Bonjour Nikos, oui le quai d’Orsay prétend que toutes les options sont étudiées, y compris un retour en France. Grosso modo, cela veut dire que les billets d’avion sont prêts. Hier, on a entendu des députés protester. Ils refusent qu’on les rapatrie. Ils proposent qu’on les envoie aux îles Kerguélen, qu’on les livre aux Syriens ou qu’on les fasse assassiner. Ces solutions toutes faites sont des rêves éveillés ou des cauchemars éveillés.
Pourquoi ?
C’est évidemment inimaginable de mettre un contrat sur la tête de tous les Français plus ou moins barbus qui ont rallié l’éphémère Califat. Les services français sont sur place. Ce ne sont ni des justiciers, ni des tueurs de la mafia. Ils pistent, ils identifient, ils renseignent. Ils traquent le gros gibier. Quand les Américains bombardent et canonnent, personne ne se plaint que des Français égarés se transforment en chaleur et lumière. Pas une larme et pas un mot. Aucun remords et peu de rapports chiffrés.

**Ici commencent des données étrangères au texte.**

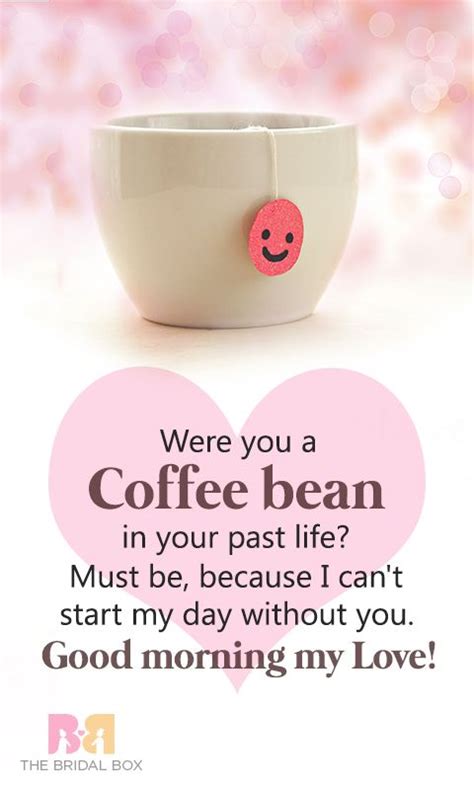 Greatest good morning text will make her heart melt. 12 Endearing Good Morning Love Sms For Girlfriend To Make ...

Il n’est pas possible non plus d’envoyer les terroristes au diable ou à l’île du Diable, au large de Cayenne, parce que la France n’y dispose pas d’une base militaire hors sol, en dehors du droit, où enfermer les fanatiques comme le font les Américains à Guantanamo. Avant de rouvrir le bagne, il faudrait légiférer et ce serait contraire à un tas de traités internationaux que la France a signés. Enfin, les djihadistes arrêtés en Irak ont été abandonnés aux juges irakiens qui les condamnent sans état d’âme.
En Syrie, c’est impossible. Les Kurdes nous servaient de garde chiourmes comme ils ont servi de fantassins dans la guerre à Daech. Mais le Kurdistan n’existe pas comme Etat, il n’y pas d’accord judiciaire bilatéral. Et le repli américain remet en cause cette solution qui était pratique mais précaire et coûteuse.
Mais alors sur quoi travaillent les diplomates ?
Le métier des diplomates, c’est de marchander. Ça tombe bien, le Kurdistan est un souk. Les Kurdes détiennent un millier de djihadistes étrangers dont une moitié d’occidentaux, sans compter les femmes et les enfants. Ils en ont déjà relâché plusieurs milliers qui se sont perdus dans la nature. Ils menacent de recommencer. Il faut les convaincre de s’abstenir. C’est hors de prix à convaincre, les chefs de guerre.
Il faut aussi éviter qu’ils les livrent à Bachar El Assad avec lesquels ils négocient l’autonomie. On mesure mal ici la rancune du régime syrien. Il refuse toute coopération avec les services français. Il pourrait utiliser les djihadistes dans toutes sortes de chantage. Bref, tout cela explique que le Quai d’Orsay soit prêt à prendre les billets d’avion pour une première fournée d’une centaine de djihadistes. Espérons qu’il y ait des barreaux aux hublots.